Van Damme Ilse, d'Ydewalle Gery
Department of Psychology, University of Leuven, Belgium.
Memory. 2009 May;17(4):349-66. doi: 10.1080/09658210802680349. Epub 2009 Mar 2.
Recent studies with the Deese/Roediger-McDermott (DRM) paradigm have revealed that Korsakoff patients show reduced levels of false recognition and different patterns of false recall compared to controls. The present experiment examined whether this could be attributed to an encoding deficit, or rather to problems with explicitly retrieving thematic information at test. In a variation on the DRM paradigm, both patients and controls were presented with associative as well as categorised word lists, with the order of recall and recognition tests manipulated between-subjects.

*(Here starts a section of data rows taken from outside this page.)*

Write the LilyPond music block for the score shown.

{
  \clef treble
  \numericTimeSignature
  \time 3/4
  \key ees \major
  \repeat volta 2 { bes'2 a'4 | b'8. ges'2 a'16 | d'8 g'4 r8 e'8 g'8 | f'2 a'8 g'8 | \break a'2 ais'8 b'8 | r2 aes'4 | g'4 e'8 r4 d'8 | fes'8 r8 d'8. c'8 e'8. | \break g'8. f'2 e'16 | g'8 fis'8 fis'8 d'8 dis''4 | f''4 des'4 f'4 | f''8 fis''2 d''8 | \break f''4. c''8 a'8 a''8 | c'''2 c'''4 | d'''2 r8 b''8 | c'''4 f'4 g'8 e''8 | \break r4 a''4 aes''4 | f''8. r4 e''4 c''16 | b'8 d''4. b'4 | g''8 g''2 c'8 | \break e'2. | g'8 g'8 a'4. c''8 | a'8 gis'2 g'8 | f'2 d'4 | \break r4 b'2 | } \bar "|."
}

The results point to an important role for the automatic/controlled retrieval distinction: Korsakoff patients' false memory was only diminished compared to controls' when automatic or short-term memory processes could not be used to fulfil the task at hand. Hence, the patients' explicit retrieval deficit appears to be crucial in explaining past and present data. Results are discussed in terms of fuzzy-trace and activation-monitoring theories.

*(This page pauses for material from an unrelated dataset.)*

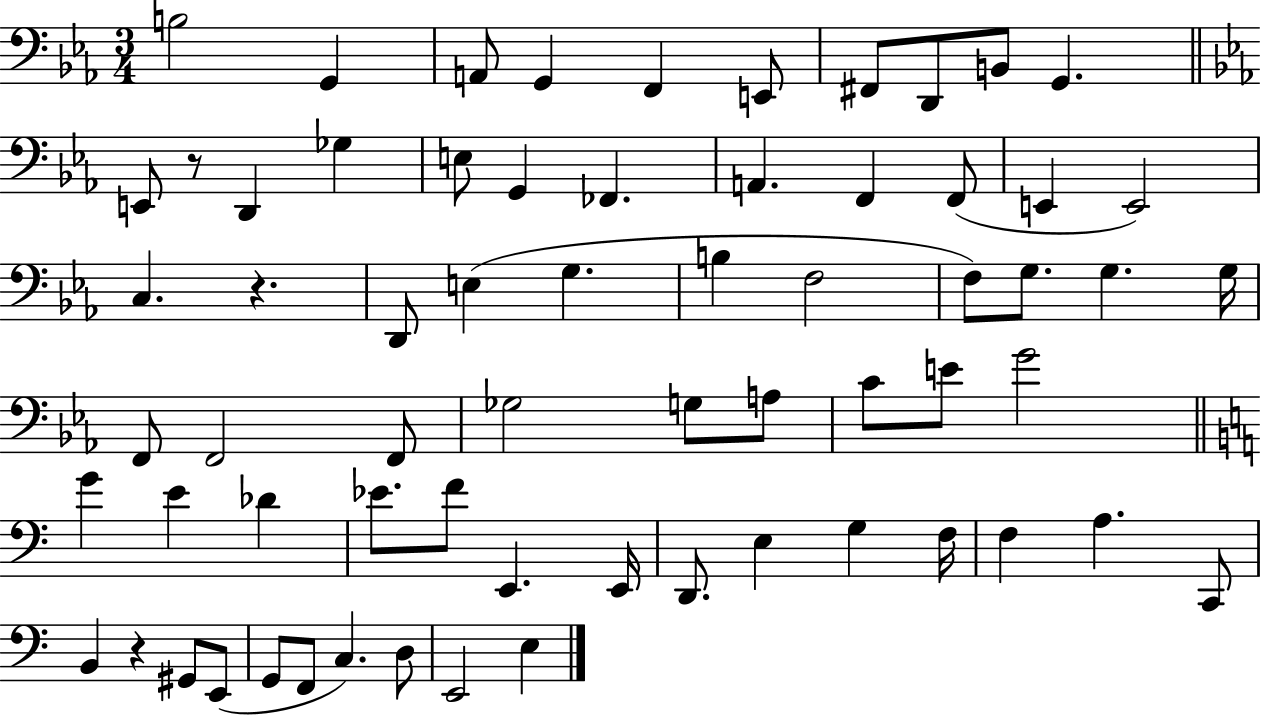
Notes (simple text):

B3/h G2/q A2/e G2/q F2/q E2/e F#2/e D2/e B2/e G2/q. E2/e R/e D2/q Gb3/q E3/e G2/q FES2/q. A2/q. F2/q F2/e E2/q E2/h C3/q. R/q. D2/e E3/q G3/q. B3/q F3/h F3/e G3/e. G3/q. G3/s F2/e F2/h F2/e Gb3/h G3/e A3/e C4/e E4/e G4/h G4/q E4/q Db4/q Eb4/e. F4/e E2/q. E2/s D2/e. E3/q G3/q F3/s F3/q A3/q. C2/e B2/q R/q G#2/e E2/e G2/e F2/e C3/q. D3/e E2/h E3/q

近期采用迪斯/罗迪格-麦克德莫特(DRM)范式的研究表明,与对照组相比,科尔萨科夫综合征患者的错误识别水平降低,且错误回忆模式不同。本实验探究了这是否可归因于编码缺陷,或者更确切地说是测试时明确提取主题信息存在问题。在DRM范式的一个变体中,向患者和对照组呈现了联想式以及分类式单词列表,并在被试间操纵回忆和识别测试的顺序。结果表明自动/控制检索区分起着重要作用:只有当无法使用自动或短期记忆过程来完成手头任务时,科尔萨科夫综合征患者的错误记忆才会比对照组减少。因此,患者的明确检索缺陷似乎对解释过去和现在的数据至关重要。根据模糊痕迹理论和激活监测理论对结果进行了讨论。